El protagonismo del escenario político está pasando de la presidenta Bachelet a los políticos que se perfilan como eventuales sucesores suyos para el 2018. Los bonos del ex presidente Sebastián Piñera se están cotizando al alza en la derecha y, después de tres o cuatro intervenciones públicas de notorios alcances políticos, la figura del ex presidente Ricardo Lagos se está instalando como una posibilidad, sobre todo para el oficialismo forjado en la matriz de la vieja Concertación. Sin embargo, son también varios los que creen que la actual coalición del gobierno –la Nueva Mayoría, que juntó a la Concertación con el Partido Comunista– podría tener mejor proyección con Marco Enriquez-Ominami.

En realidad queda aún mucho tiempo y el horizonte sigue estando muy abierto. Lagos, un político de viejo cuño, casi octogenerario, más bien autoritario y de fuerte impronta republicana, parece sintonizar poco con el país actual, aunque podría ser el hombre indicado para un escenario de crisis. La gente le reconoce a Piñera gran capacidad de gestión pero poca habilidad para conectar emocionalmente con la ciudadanía. Enríquez-Ominami es un político joven al cual las encuestas asignan bastante futuro, no obstante ser evidente que está siendo perjudicado por el fracaso de la agenda izquierdista y transformadora del actual gobierno.

Todo va a depender, probablemente, de la evolución que tenga la actual crisis económica. Para bien o mal, las crisis suelen ser grandes instancias para disciplinar y obligar al electorado a reencontrarse con la realidad y el pragmatismo. La sociedad chilena se sobregiró un tanto en los últimos años y dio por hecho, como parte del paisaje, que la economía iba a seguir creciendo al 5% anual y proveyendo mes a mes cientos de miles de puestos de trabajo. Las deprimentes cifras de comportamiento económico del año pasado y del actual muestran que eso no es así y que la embriaguez transformadora de Bachelet está teniendo costos muy altos en términos de incertidumbre, empleo, vacío de poder y conflictividad social. Si esto sigue así, Chile podría entrar en una espiral de desestabilización que haría muy impredecible cualquier desenlace.

La pregunta de la sucesión, entonces, será quién podría tener mejores espaldas para enfrentar esa crisis que parece inminente. Nadie podría asegurar que no aparecerán otros nombres. Y, tampoco, nadie podría descartar que el populismo pueda meter la cola en las próximas elecciones presidenciales con mucha mayor incidencia que hasta ahora. Si así ocurriera, la sociedad chilena podría despedirse definitivamente, o al menos por dos o tres generaciones, del sueño de llegar a ser un país desarrollado.

Es impresionante el deterioro que presenta el país en cosa de pocos meses.

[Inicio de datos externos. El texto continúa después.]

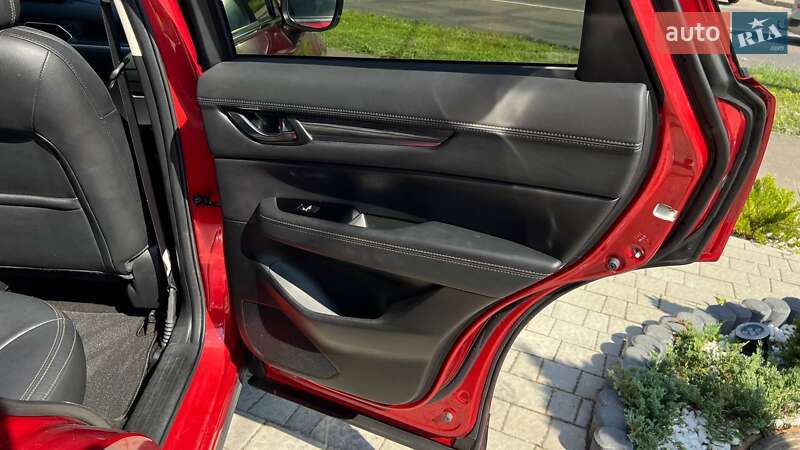 Позашляховик / Кросовер Mazda CX-5 2019 в Львові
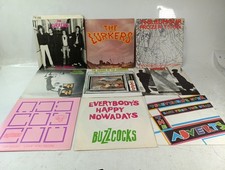 Punk new wave vinyl - 17,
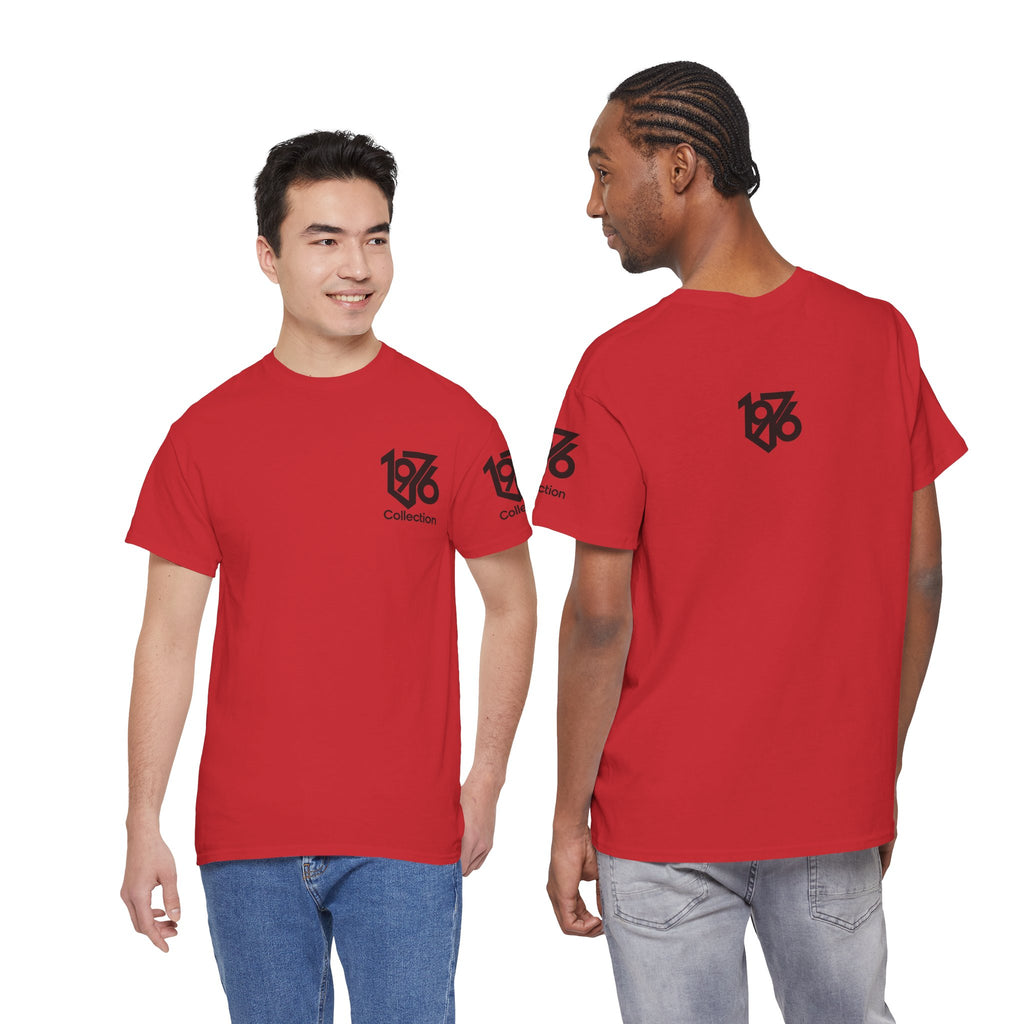 1976 Collection Logo Cotton T-Shirt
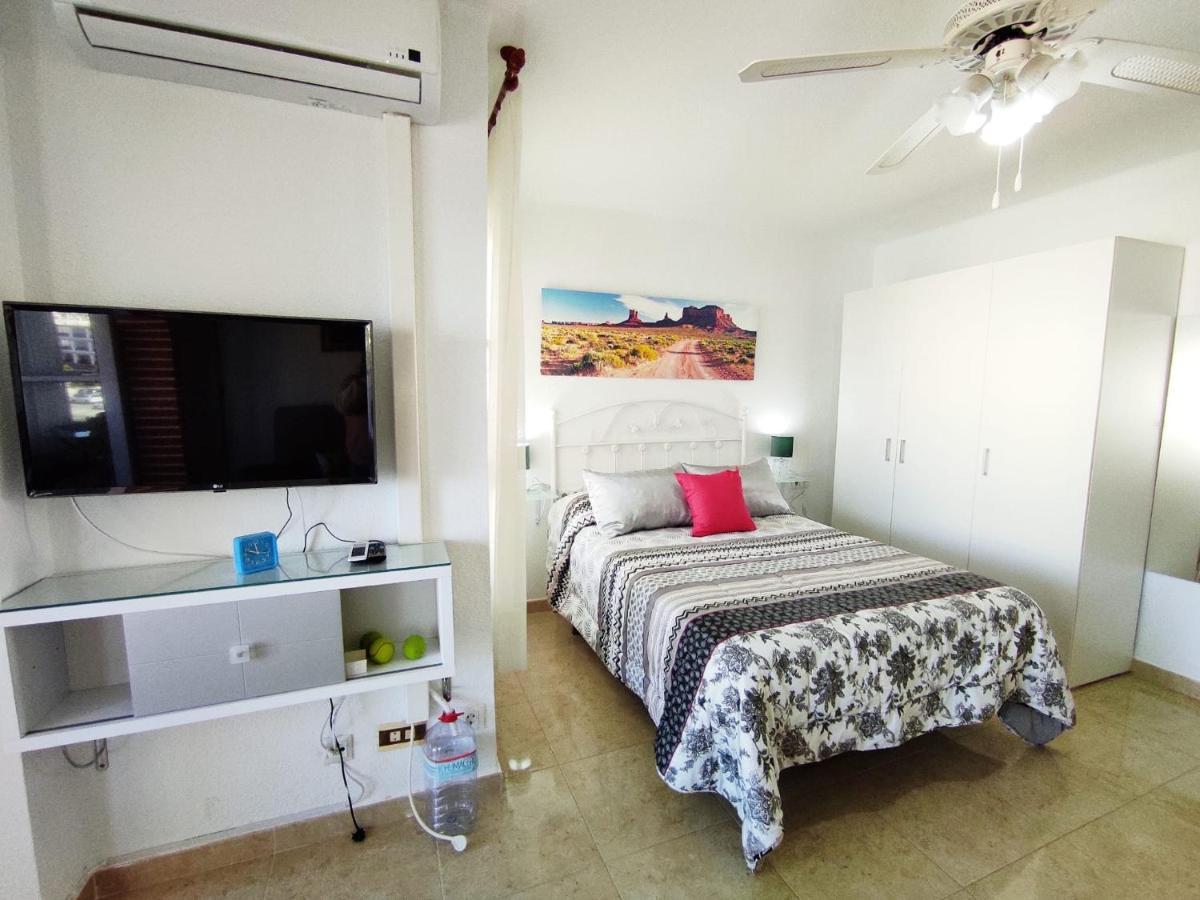 Studio En Torrox Costa Ngoại thất bức ảnh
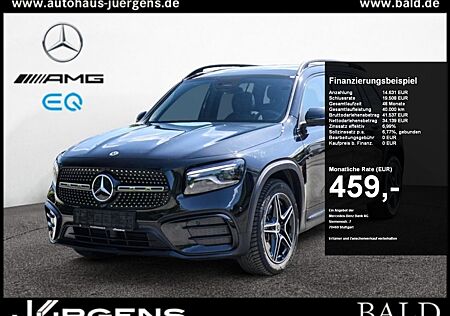 Mercedes-Benz GLB 220 4M AMG-Sport/Pano/Night/AHK/MBeam/KLess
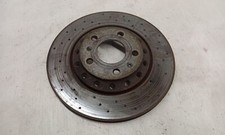 AUDI A8 D3 4E2, 4E8 Bremsscheibe hinten links 4.17 2006 27660857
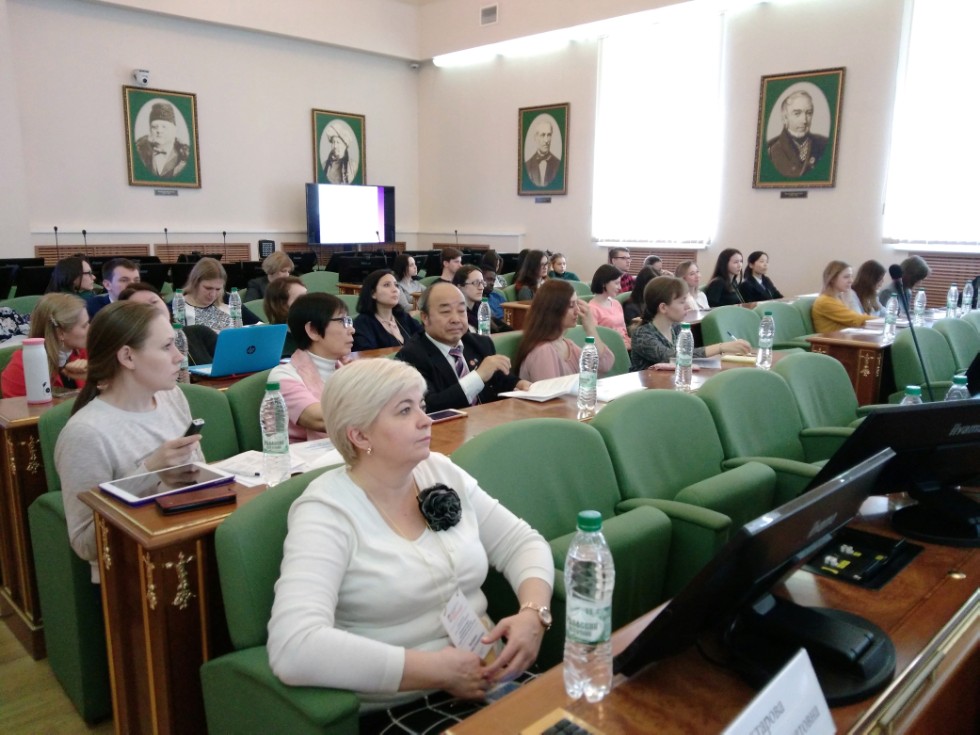 Актуальные вопросы преподавания китайского и восточных языков в XXI в. Актуальные вопросы преподавания китайского и восточных языков в XXI в.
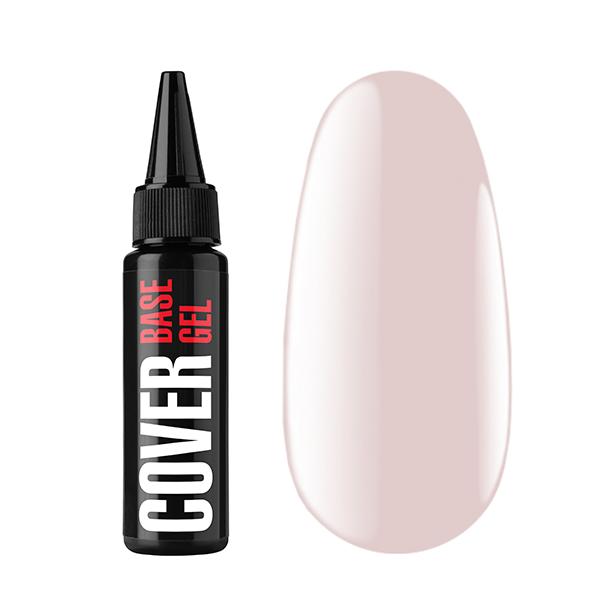Camouflage Cover Base Gel 08 (bottle) 30 ml Kodi professional Camouflage Cover Base Gel 08 (bottle) 30 ml Kodi professional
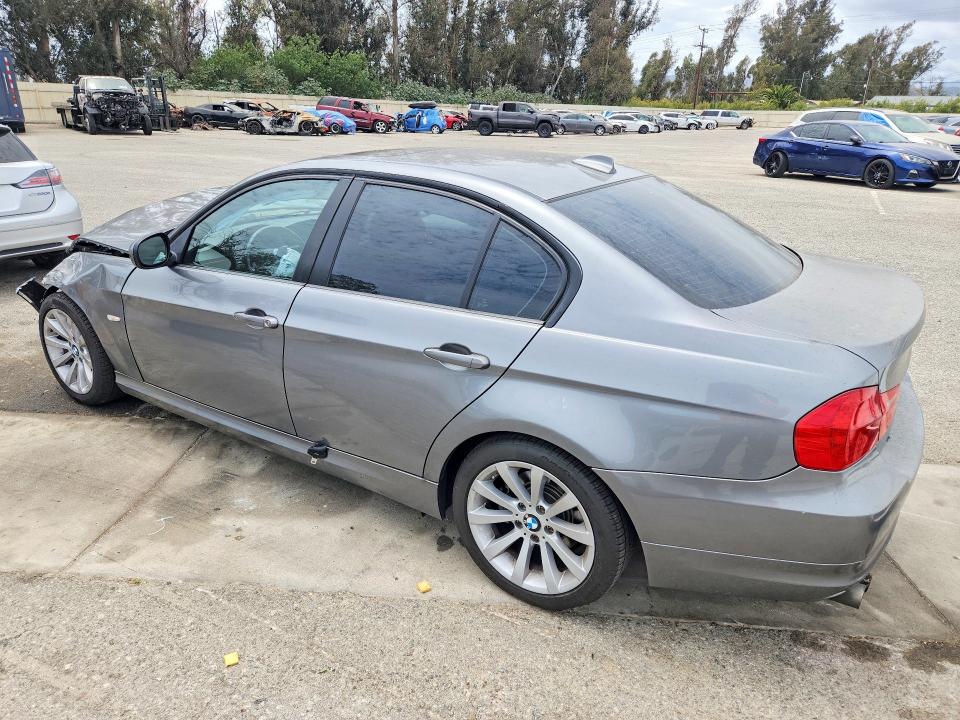 Продаж на аукціоні авто 2011 Bmw 328, vin: WBAPH5C50BA446459, номер лоту: 55346836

El gobierno de Bachelet partió no sólo con buena estrella sino también con todo a su favor: popularidad, recursos económicos, mayorías parlamentarias y un enorme caudal de expectativas ciudadanas. De eso es muy poco lo que queda en actualidad y es improbable que Bachelet lo pueda recuperar, en parte porque el escenario internacional cambió y, en parte, porque ella sigue empeñada en una conducción reformista que el país rechaza y que paradojalmente la convirtió a ella en la gran damnificada. ¿Por qué no cambia el rumbo, se preguntan todos? Y la respuesta nadie la tiene. Ni la psicología ni la política obedecen siempre a las leyes de la razón. Una y otra disciplina son efectivamente más misteriosas.